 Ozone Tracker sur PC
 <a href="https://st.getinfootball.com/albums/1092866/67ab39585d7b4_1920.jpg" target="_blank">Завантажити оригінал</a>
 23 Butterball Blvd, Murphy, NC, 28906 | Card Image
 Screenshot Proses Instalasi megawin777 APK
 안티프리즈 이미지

___

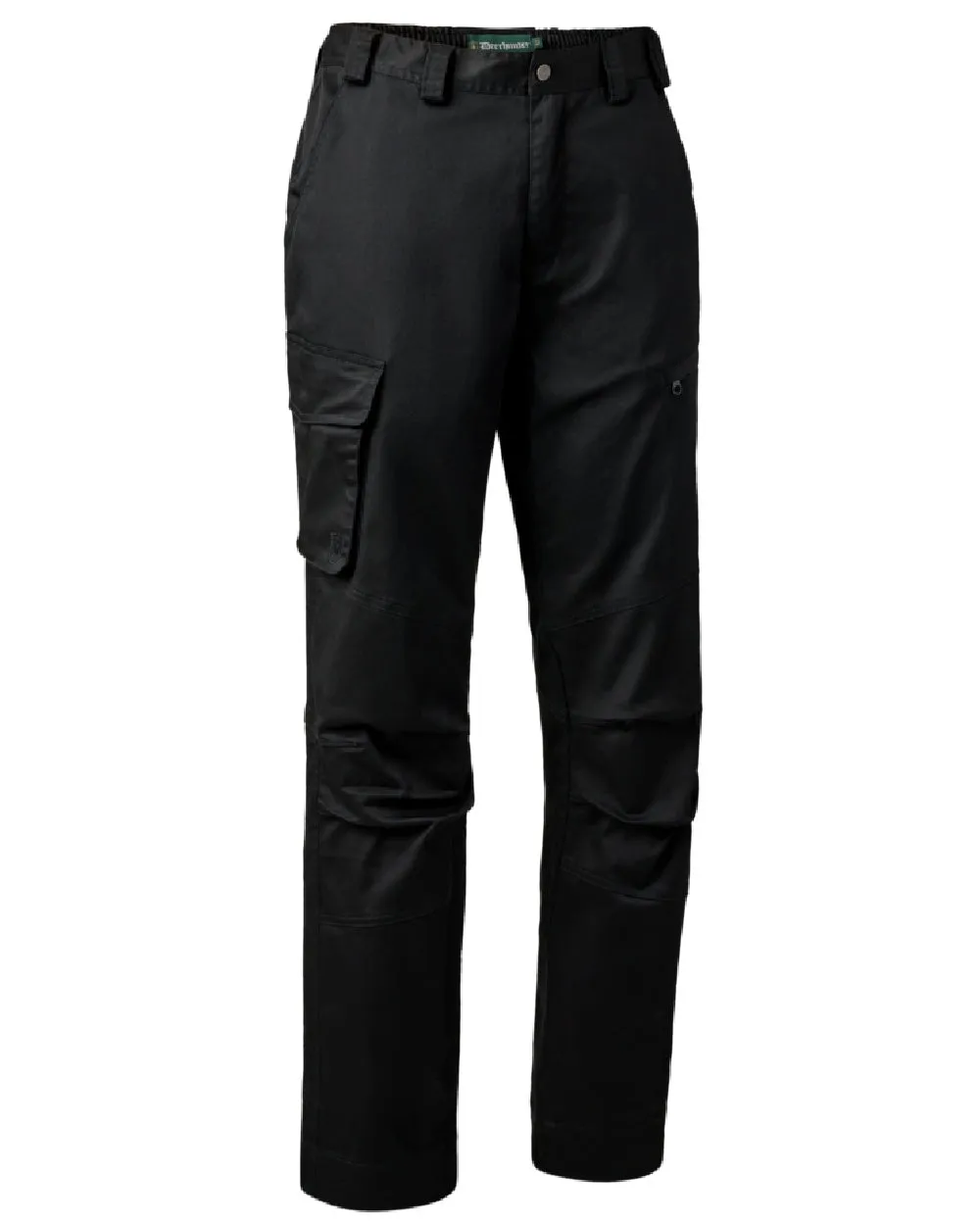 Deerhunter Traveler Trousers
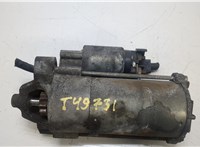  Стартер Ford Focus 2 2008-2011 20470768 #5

___

(Assigned task)
Of the lines above, copy only those from the one holding "Deerhunter Traveler Trousers" to the one holding "Стартер Ford Focus 2 2008-2011 20470768 #5", both included, and exclude every image.

(Answer box)
 Deerhunter Traveler Trousers
  Стартер Ford Focus 2 2008-2011 20470768 #5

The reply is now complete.